Jath taluka, near the Karnataka-Maharashtra border, experiences mostly sunny weather with summer temperatures reaching up to 43 degrees Celsius.
The area receives limited rainfall, only 30 days a year, averaging 560 mm.
In such adverse conditions, Maharashtra’s Kakasaheb Sawant was able to grow apples! People visiting his farm consider this no less than a miracle.
In early 2020, Sawant bought 150 saplings of HRMN-99 apples — an all-terrain apple variety that was first conceived by Himachal farmer Hariman Sharma.
Sharma claims that this apple variety does not require chilling hours (0–7 degrees Celsius) for flowering and fruit-setting, and can be grown even in regions with temperatures of 40-45 degrees Celsius.
He says, while conventional apple trees could develop improper colour and fungal spots on their surface in excessive rain or fog, the new variety is resistant to scab disease.

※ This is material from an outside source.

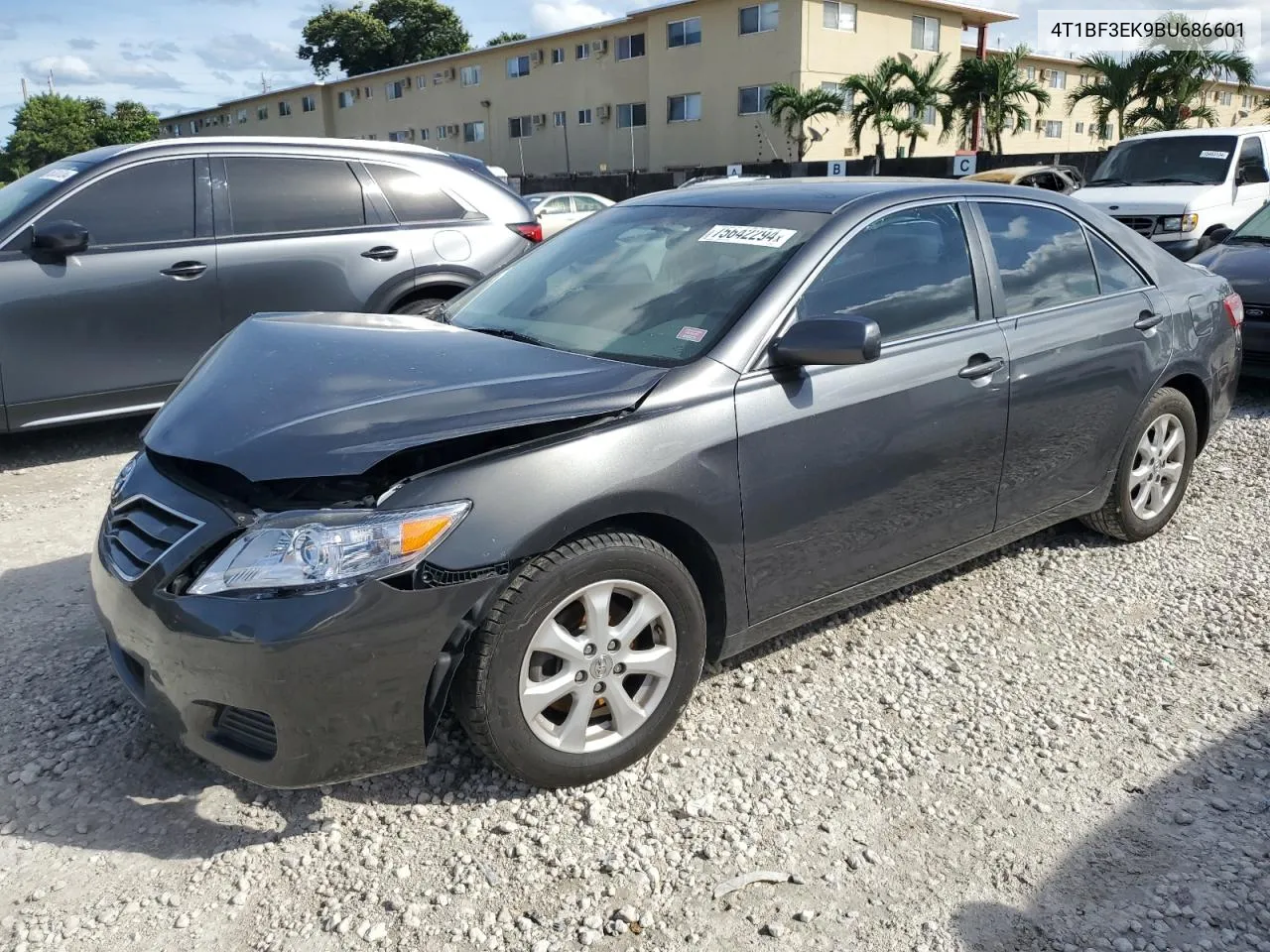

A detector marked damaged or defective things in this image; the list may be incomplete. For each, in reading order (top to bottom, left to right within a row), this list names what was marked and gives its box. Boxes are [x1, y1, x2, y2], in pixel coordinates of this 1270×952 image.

“Earlier, no one would have believed that apples would grow in the plains and in warm temperatures,” he adds.
The variety is ready to harvest in early June after three years of transplanting, and the average yield from a seven-year-old plant is one quintal, he says.
With the sale of nine lakh saplings so far, these apples are currently being grown in 27 Indian states and have found buyers in countries like Bangladesh, Nepal, South Africa, Zambia, and Germany.
For his innovation HRMN-99, Sharma was awarded the Plant Breeders’ Right.